Haml’s among my favorite of the Rails technology stack. Clean, self-correcting templates that mean less typing and more doing for me. I love it.
Unfortunately, there have been a number of performance regressions introduced into Haml recently, and that sucks, because Rails spends a lot of time building views, and I’d really like those numbers to be smaller.
Over the past couple of weeks, I’ve been on-and-off profiling Haml and working on various performance patches. I mentioned one of them in my previous post - avoiding exceptions as flow control. There are a couple more we need to watch out for, though.
Problem #1: Lots and lots of extra string parsing
There’s a utility method that lets Haml compare the current version of Ruby with some arbitrary string, to find out if certain features are supported. You can look at the implementation of version_gt
, if you’d like, but it’s relatively complex, and we’re invoking it a lot in any given template.
In Haml::Util
def version_geq(v1, v2)
version_gt(v1, v2) || !version_gt(v2, v1)
end
Memoizing these values results in significantly less string parsing and much faster templates.
def version_geq(v1, v2)
@@version_comparison_cache ||= {}
k = "#{v1}#{v2}"
return @@version_comparison_cache[k] unless @@version_comparison_cache[k].nil?
@@version_comparison_cache[k] = ( version_gt(v1, v2) || !version_gt(v2, v1) )
end
Problem #2: Extraneous block creation
Haml::Compiler#compile
is what compiles your Haml soup down into HTML. It also creates a bunch of extra closures - one for every leaf tag in your document.
def compile(node)
parent, @node = @node, node
block = proc {node.children.each {|c| compile c}}
send("compile_#{node.type}", &(block unless node.children.empty?))
ensure
@node = parent
end
Let’s just change that so that the block is only created and passed if there are children to iterate:
def compile(node)
parent, @node = @node, node
if node.children.empty?
send("compile_#{node.type}")
else
send("compile_#{node.type}", &proc {node.children.each {|c| compile c}} )
end
ensure
@node = parent
end
It’s worth noting that I tried a compacted single-line send, but it seems faster to just check #empty?
than to conditionally create the block and pass &(block if block)
.
Problem #3: Exceptions as flow control
Haml::Helpers
has a couple of instances where it checks for the presence of _hamlout
in a block binding by just eval’ing _hamlout
and catching NameError
to discover that it doesn’t exist.

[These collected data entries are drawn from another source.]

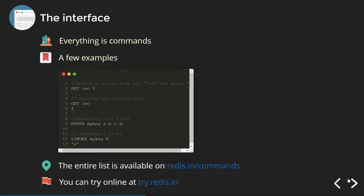You can also play in the sandbox available at try.redis.io, which is a full-fledged Redis environment where you can see if your use case suits Redis by just playing it out.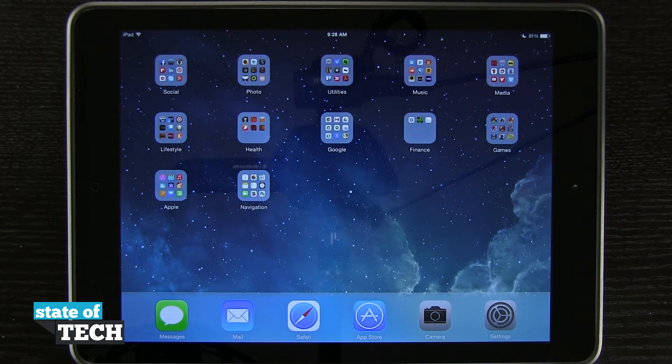Welcome to Stata Tech. This is James here with an iPad Air tip for you. I'm going to show you how to send multiple photos at the same time through messages.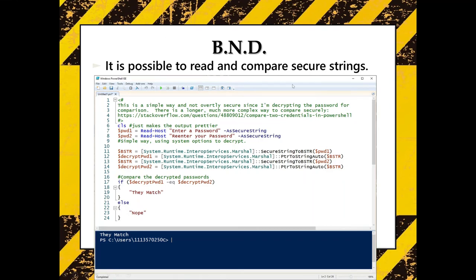As a bonus: it is possible to read and compare secure strings. This is a bit above and beyond — if you're not interested, skip to the next slide. Otherwise, take a look at that content.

I’ve refactored that to use more idiomatic constructs.
@@ -337,7 +337,7 @@ MESSAGE
# @yield [args] A block of Haml code that will be converted to a string
# @yieldparam args [Array] `args`
def capture_haml(*args, &block)
- buffer = eval('_hamlout', block.binding) rescue haml_buffer
+ buffer = eval('if defined? _hamlout then _hamlout else nil end', block.binding) || haml_buffer
with_haml_buffer(buffer) do
position = haml_buffer.buffer.length
... ...
@@ -540,10 +540,7 @@ MESSAGE
# @param block [Proc] A Ruby block
# @return [Boolean] Whether or not `block` is defined directly in a Haml template
def block_is_haml?(block)
- eval('_hamlout', block.binding)
- true
- rescue
- false
+ eval('!!defined?(_hamlout)', block.binding)
end
Results
To test, I have my branch in ./haml
and the current origin master in ./haml-upstream
. I’ve also got a 900-line Haml template with no inline ruby (just a html2haml converted webpage) that I’m parsing to test with.

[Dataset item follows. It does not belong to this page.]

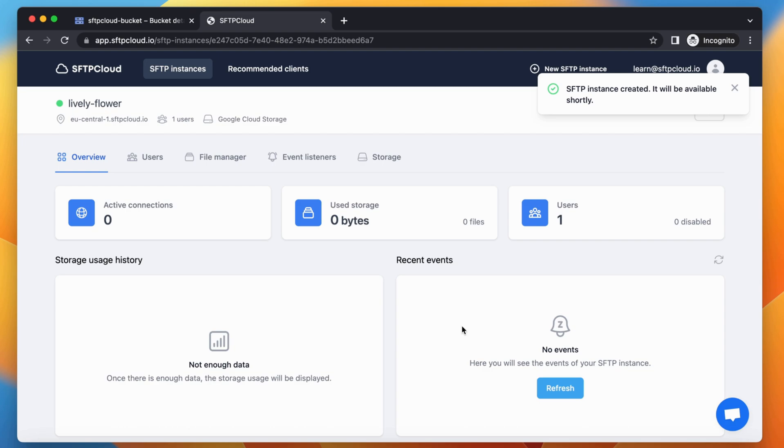Also, any change made directly via Google Cloud Storage will be reflected in the instance. Let's quickly show you how to use the instance via SFTP using OpenSSH with the command line.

To test, I just include the appropriate library and run the benchmark.
require 'haml/lib/haml'
#require 'haml-upstream/lib/haml'
require 'benchmark'
TIMES = 100
source = open("formatted_email.haml").read
Benchmark.bmbm do |x|
x.report("Render time") do
TIMES.times do
engine = Haml::Engine.new source
engine.render :ugly => true
end
end
end
REE-1.8.7-2011.03
Upstream:
[chris@luna repos]$ ruby haml-bench.rb
Rehearsal -----------------------------------------------
Render time 7.010000 0.770000 7.780000 ( 7.777076)
-------------------------------------- total: 7.780000sec
user system total real
Render time 6.990000 0.710000 7.700000 ( 7.721977)
And my branch:
[chris@luna repos]$ ruby haml-bench.rb
Rehearsal -----------------------------------------------
Render time 5.180000 0.460000 5.640000 ( 5.703304)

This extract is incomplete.